TORFAEN council has come under fire for letting a group of students sit in on a confidential cabinet meeting.
The three students were allowed to stay to watch cabinet councillors discussing confidential information at Pontypool Civic Centre, even though the press and public were excluded.
The council used a section of the Local Government Act 1972 to exclude members of the press and public from the council chamber, on the grounds that "exempt" information might be disclosed.
But three students, invited to the meeting as part of a programme to involve more young people in politics, stayed in the chamber to watch the debate.
Beatrice Davies, a community campaigner who attends most Torfaen council meetings, said she was outraged.
"It makes a mockery of the exemption ruling. I am a tax-paying member of the public and I was asked to leave. Therefore the students, who are also members of the public, should be asked to leave too. They should fall under the same ruling. I am disgusted at the cabinet."
Mrs Davies said she will make a formal complaint to the council's ethics and standards committee.

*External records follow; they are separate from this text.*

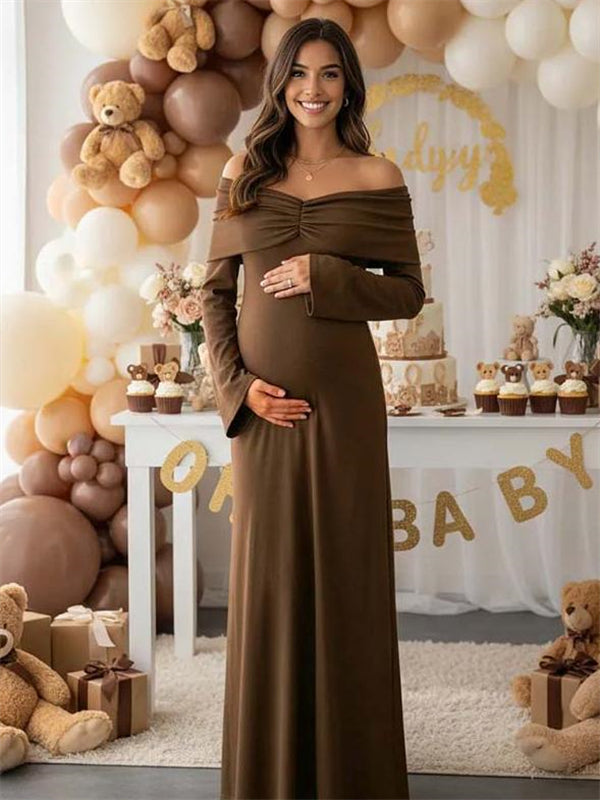 Mumsmode Zwangerschaps Maxi Cocktailjurk Chique Elegant Off Shoulder Gekreukt Trapeze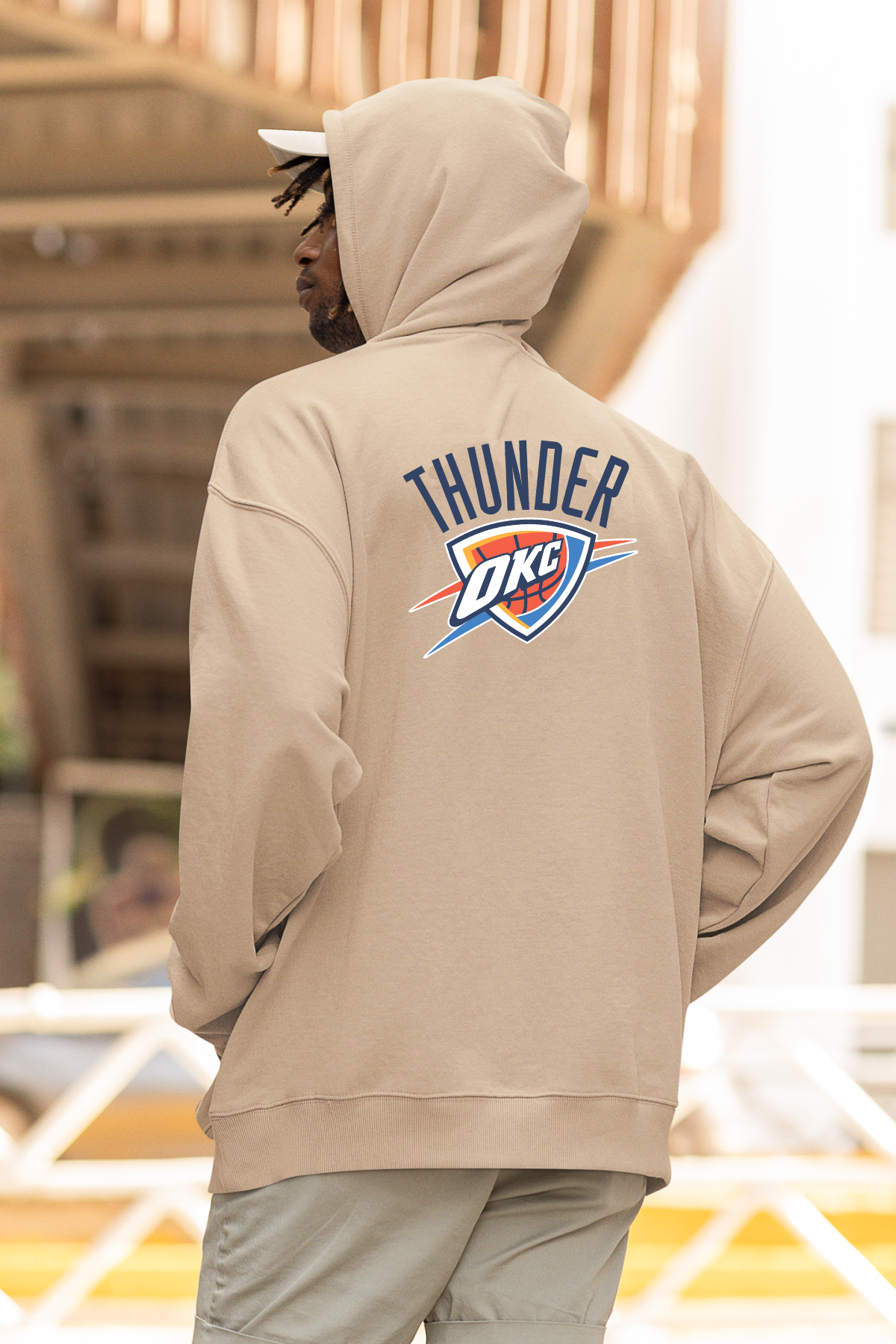 NBA Oklohama Thunder Oversize Hoodie XL - Arkaya  Baskı - Taş Rengi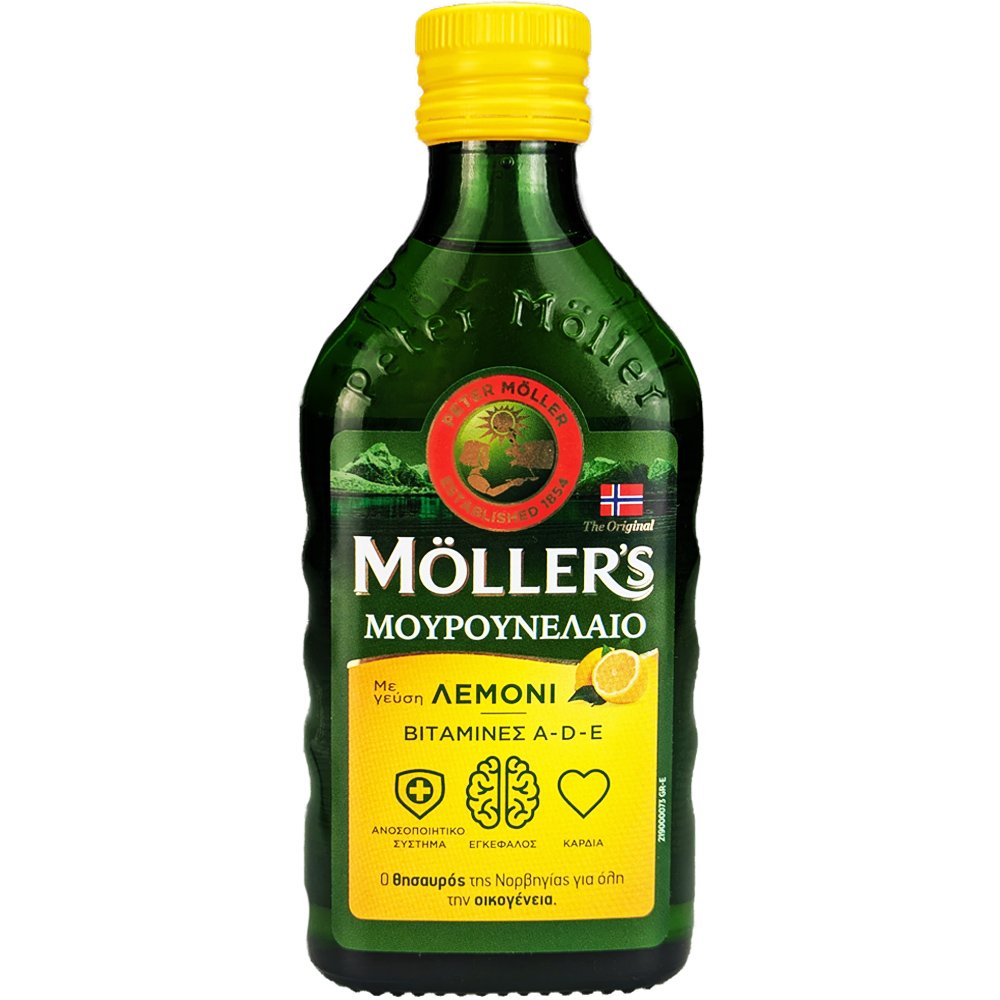 Moller's Cod Liver Oil Lemon Συμπλήρωμα Διατροφής Πόσιμου Μουρουνέλαιου Πλούσιο σε Ω3 με Βιταμίνες A, D & E με Γεύση Λεμόνι 250ml φωτογραφία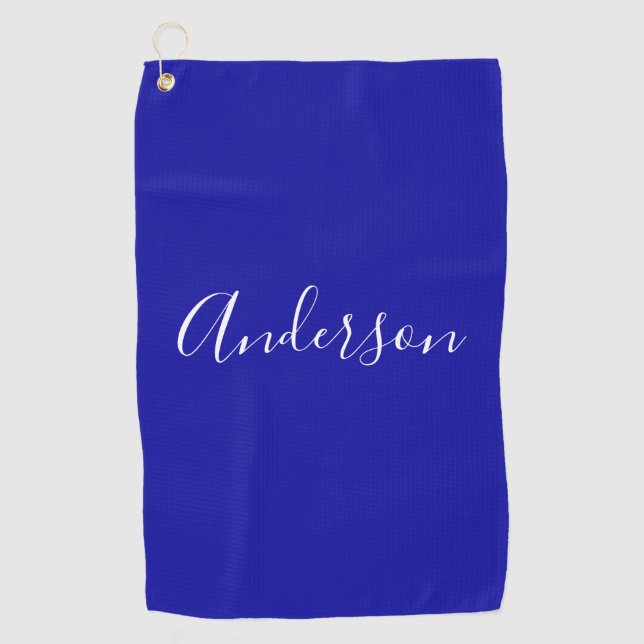 Your Name | Elegant White Script on Royal Blue Golf Towel (Front)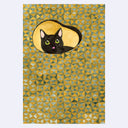 Illustration with geometric pattern and a black cat peeking out of an opening in the center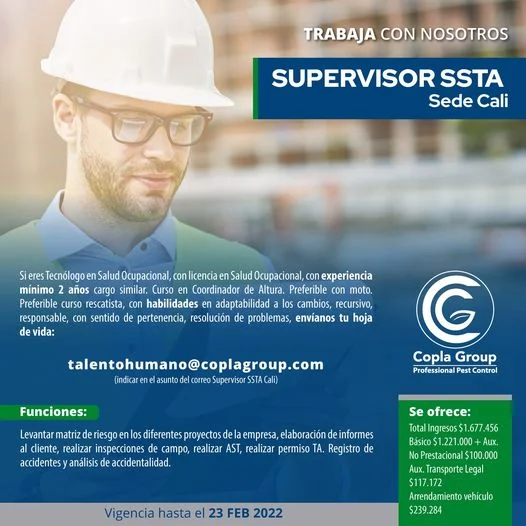 📂 Empleo en Cali HOY como Supervisor SSTA 💼 |▷ #SiHayEmpleo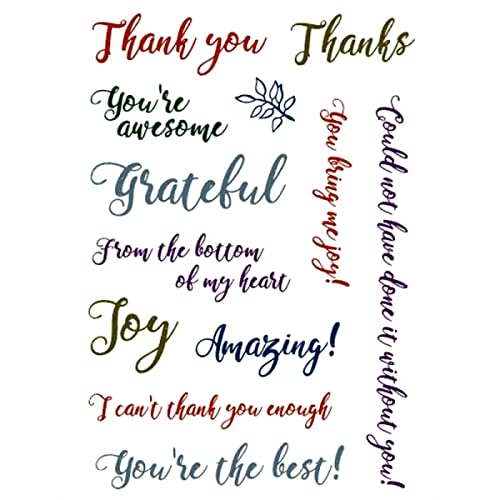 Thank You, Thanks Words Phrase Clear Stamp for Card Making DIY Scrapbooking Grateful, Joy,Amazing!You're the Best!You're awesome Words Transparent Silicone Seal Stamping Stempel for Paper Crafting von CYFUN DESIGN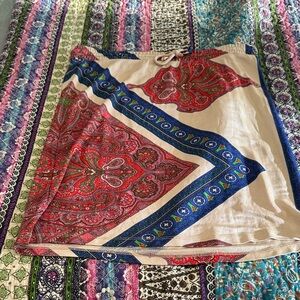 Anthropologie Red and Blue Paisley Skirt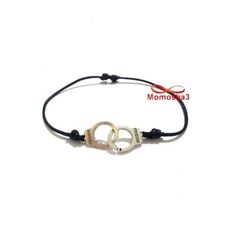 Bracelet Fil Noir Avec Pendentif Menotte Argent Charm Réglable - Unisex au meilleur prix au Maroc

Independent councillor Mike Davies also criticised the council decision. "I believe the council has made an error here," said Councillor Davies. "If anything is exempt is has to be exempt from all the public.
"Although the council should encourage use of the chamber for showing students how the democratic process works, those students should be bound by the same rules as others."
But council staff denied they had done anything wrong. A council spokesman said: "It was decided in advance that on an experimental basis the students would be allowed to stay for the exempt portion of the meeting on this occasion as they were strictly bound by confidentiality and the reports had been appropriately vetted in advance.
"Based on how useful this approach is to involving young people in the council's democracy programme we will decide whether or not to make it a regular feature of cabinet meetings."